Interfilm’s RAGEAHOLIC
Wraps Photography in Japan
Picture marks feature directorial debut of acclaimed
artist and scripter Yoshiki Takahashi
Principal photography wrapped today on Interfilm’s RAGEAHOLIC, from writer/director Yoshiki Takahashi. The picture marks the feature directorial debut of prolific Tokyo-based artist Takahashi, who is widely-known for scripting Sion Sono’s celebrated 2010 blockbuster COLD FISH.
RAGEAHOLIC, which is based on a story by Yuki Kobayashi (DEATH ROW FAMILY), stars Yohta Kawase (SHIN GODZILLA, BEING NATURAL), model Aya Saiki, Ryuju Kobayashi (AUGUST IN TOKYO), and Manzô Shinra (ICHI THE KILLER). It is produced by Kazuto Morita, Yukihisa Higami, Kazunori Shibasaki, and Takehiko Ito.

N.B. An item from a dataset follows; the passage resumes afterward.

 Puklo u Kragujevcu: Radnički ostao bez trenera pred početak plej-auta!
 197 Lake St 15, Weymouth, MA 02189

RAGEAHOLIC follows Yakuza-busting police officer Fukama (Kawase), who, after allowing his overly-violent nature to get the better of him, botches an arrest and leaves several bodies in his wake. Disgraced and sent to America for psychotherapy, he returns to Japan years later to discover that the town he once cleaned up is now so clean that it has literally become sanitized – with death as punishment for those who do not conform. And as he realizes how dangerous this ‘sanitation’ truly is, the rage inside him returns with a bloody vengeance.

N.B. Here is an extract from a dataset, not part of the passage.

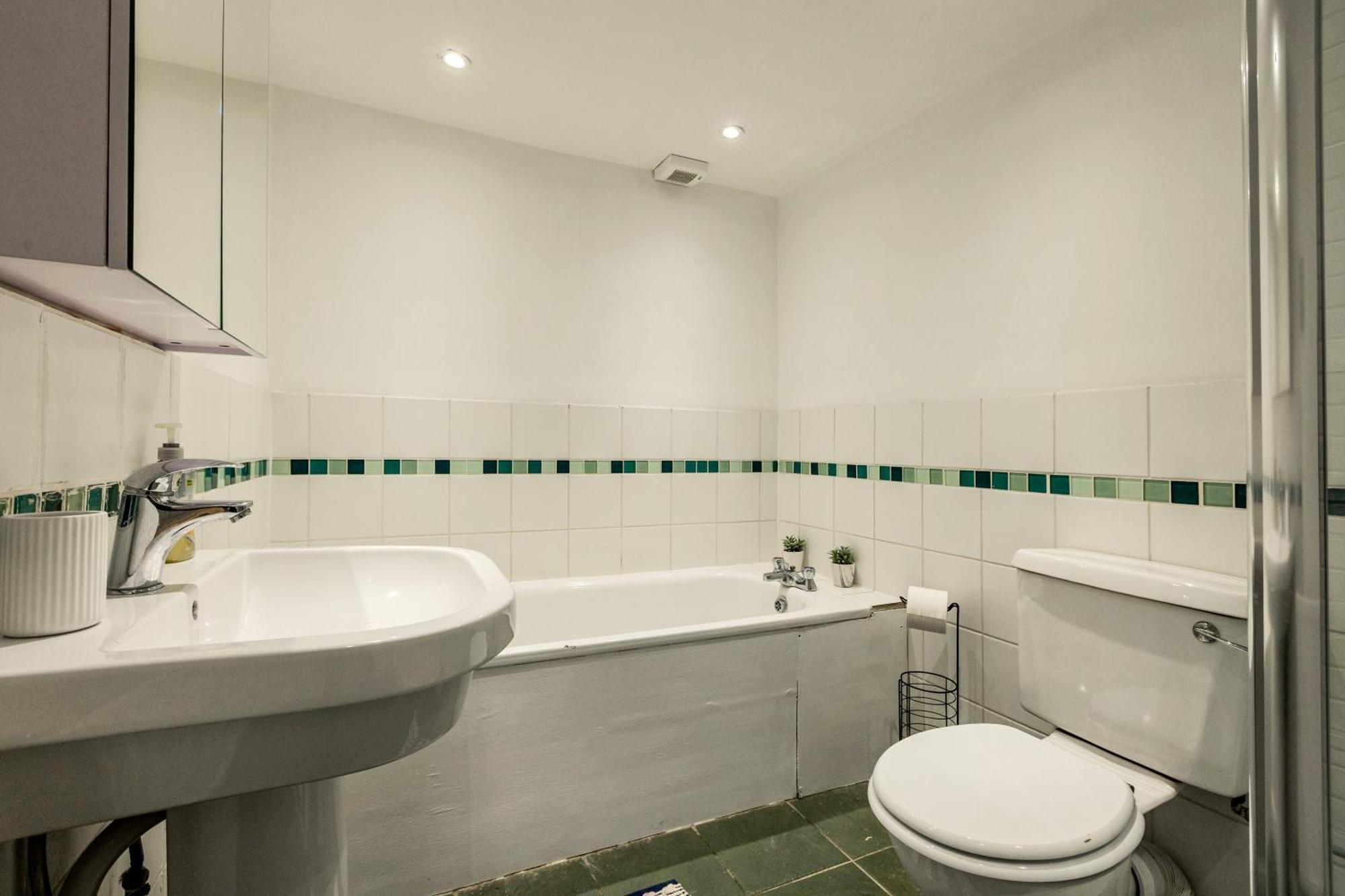 Leilighet 1br Flat Near River Thames, 9min Hammersmith Tube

Says writer/director Takahashi, “The idea behind the film came from the increasing exclusionism and thirst for a ‘sanitized society’ in Japan. Being a social outcast in Japan means you’re targeted to be alienated and excluded. The social unrest in my home country is becoming alarmingly high, and citizens are getting more and more protective. The ‘safe society’ they now demand looks, to me, like an Orwellian dystopia, and inspired me to make a caricatured film about it.”

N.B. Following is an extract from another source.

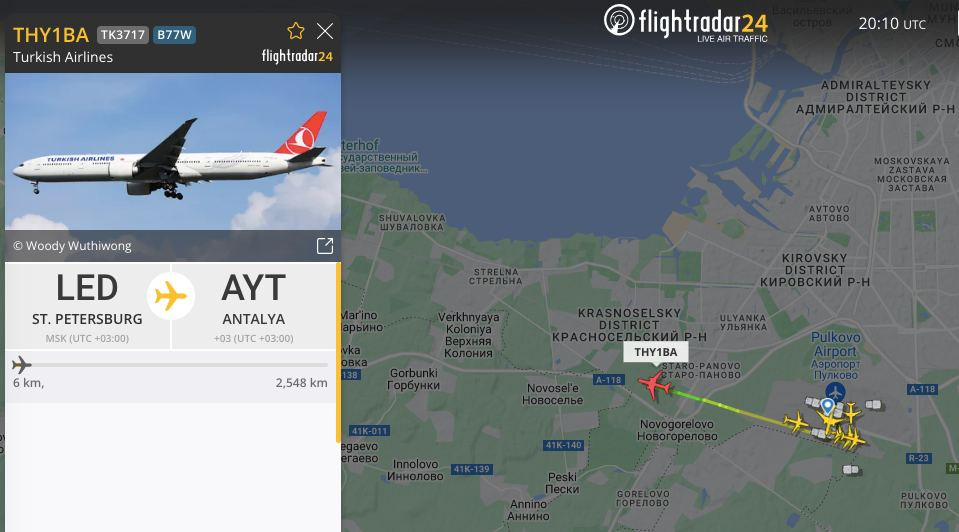 Спустя полутора суток борт Turkish Airlines вылетел из Пулково. Но петербуржцы не могут вернуться в обратном направлении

Principal photography on RAGEAHOLIC began on February 13th in the Tokyo suburbs of Saitama Prefecture, where a sequence involving a tense hostage situation was shot. The following day, the production moved north to Gunma Prefecture, where the remainder of the picture was lensed. It eyes a late 2020 festival and theatrical bow.